(Recorded data)
======

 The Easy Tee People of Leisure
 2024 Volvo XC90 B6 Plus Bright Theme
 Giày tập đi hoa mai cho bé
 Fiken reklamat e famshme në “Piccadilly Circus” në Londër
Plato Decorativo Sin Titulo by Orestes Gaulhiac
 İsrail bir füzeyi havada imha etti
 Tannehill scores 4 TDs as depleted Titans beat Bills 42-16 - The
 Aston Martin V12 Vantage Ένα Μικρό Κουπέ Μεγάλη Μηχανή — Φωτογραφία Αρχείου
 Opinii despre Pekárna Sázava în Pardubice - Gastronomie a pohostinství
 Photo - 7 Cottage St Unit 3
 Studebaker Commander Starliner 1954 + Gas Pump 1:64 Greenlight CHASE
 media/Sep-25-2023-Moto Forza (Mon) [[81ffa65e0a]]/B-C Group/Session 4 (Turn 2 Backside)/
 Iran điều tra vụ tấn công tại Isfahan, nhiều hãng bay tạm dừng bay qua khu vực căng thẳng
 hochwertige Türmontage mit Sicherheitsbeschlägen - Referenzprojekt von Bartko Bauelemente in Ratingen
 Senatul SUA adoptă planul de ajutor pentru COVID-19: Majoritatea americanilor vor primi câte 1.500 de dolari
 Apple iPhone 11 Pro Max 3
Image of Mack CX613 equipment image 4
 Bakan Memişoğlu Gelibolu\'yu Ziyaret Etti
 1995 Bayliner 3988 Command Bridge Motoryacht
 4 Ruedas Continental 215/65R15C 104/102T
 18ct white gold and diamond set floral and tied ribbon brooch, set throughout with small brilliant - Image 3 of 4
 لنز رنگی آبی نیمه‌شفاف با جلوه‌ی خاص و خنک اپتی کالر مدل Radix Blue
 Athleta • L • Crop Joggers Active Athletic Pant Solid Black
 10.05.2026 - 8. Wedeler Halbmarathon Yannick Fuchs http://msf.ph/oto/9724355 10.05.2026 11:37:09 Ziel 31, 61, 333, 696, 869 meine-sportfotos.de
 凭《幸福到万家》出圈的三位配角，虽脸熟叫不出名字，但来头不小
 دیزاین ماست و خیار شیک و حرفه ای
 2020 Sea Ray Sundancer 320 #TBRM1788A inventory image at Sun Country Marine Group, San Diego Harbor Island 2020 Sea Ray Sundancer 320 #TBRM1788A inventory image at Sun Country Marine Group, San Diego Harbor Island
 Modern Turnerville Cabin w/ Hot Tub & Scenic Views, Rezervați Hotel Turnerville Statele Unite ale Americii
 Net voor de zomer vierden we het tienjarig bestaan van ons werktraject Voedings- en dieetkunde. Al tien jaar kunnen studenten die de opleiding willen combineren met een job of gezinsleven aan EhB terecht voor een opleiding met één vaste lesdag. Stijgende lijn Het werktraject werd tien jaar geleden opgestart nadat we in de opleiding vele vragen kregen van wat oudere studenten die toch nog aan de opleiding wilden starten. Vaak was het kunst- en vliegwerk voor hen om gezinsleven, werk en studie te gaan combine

======

Whatever lies between the line containing "Senatul SUA adoptă" and the final line above, both included, must be returned exactly.

 Senatul SUA adoptă planul de ajutor pentru COVID-19: Majoritatea americanilor vor primi câte 1.500 de dolari
 Apple iPhone 11 Pro Max 3
Image of Mack CX613 equipment image 4
 Bakan Memişoğlu Gelibolu\'yu Ziyaret Etti
 1995 Bayliner 3988 Command Bridge Motoryacht
 4 Ruedas Continental 215/65R15C 104/102T
 18ct white gold and diamond set floral and tied ribbon brooch, set throughout with small brilliant - Image 3 of 4
 لنز رنگی آبی نیمه‌شفاف با جلوه‌ی خاص و خنک اپتی کالر مدل Radix Blue
 Athleta • L • Crop Joggers Active Athletic Pant Solid Black
 10.05.2026 - 8. Wedeler Halbmarathon Yannick Fuchs http://msf.ph/oto/9724355 10.05.2026 11:37:09 Ziel 31, 61, 333, 696, 869 meine-sportfotos.de
 凭《幸福到万家》出圈的三位配角，虽脸熟叫不出名字，但来头不小
 دیزاین ماست و خیار شیک و حرفه ای
 2020 Sea Ray Sundancer 320 #TBRM1788A inventory image at Sun Country Marine Group, San Diego Harbor Island 2020 Sea Ray Sundancer 320 #TBRM1788A inventory image at Sun Country Marine Group, San Diego Harbor Island
 Modern Turnerville Cabin w/ Hot Tub & Scenic Views, Rezervați Hotel Turnerville Statele Unite ale Americii
 Net voor de zomer vierden we het tienjarig bestaan van ons werktraject Voedings- en dieetkunde. Al tien jaar kunnen studenten die de opleiding willen combineren met een job of gezinsleven aan EhB terecht voor een opleiding met één vaste lesdag. Stijgende lijn Het werktraject werd tien jaar geleden opgestart nadat we in de opleiding vele vragen kregen van wat oudere studenten die toch nog aan de opleiding wilden starten. Vaak was het kunst- en vliegwerk voor hen om gezinsleven, werk en studie te gaan combine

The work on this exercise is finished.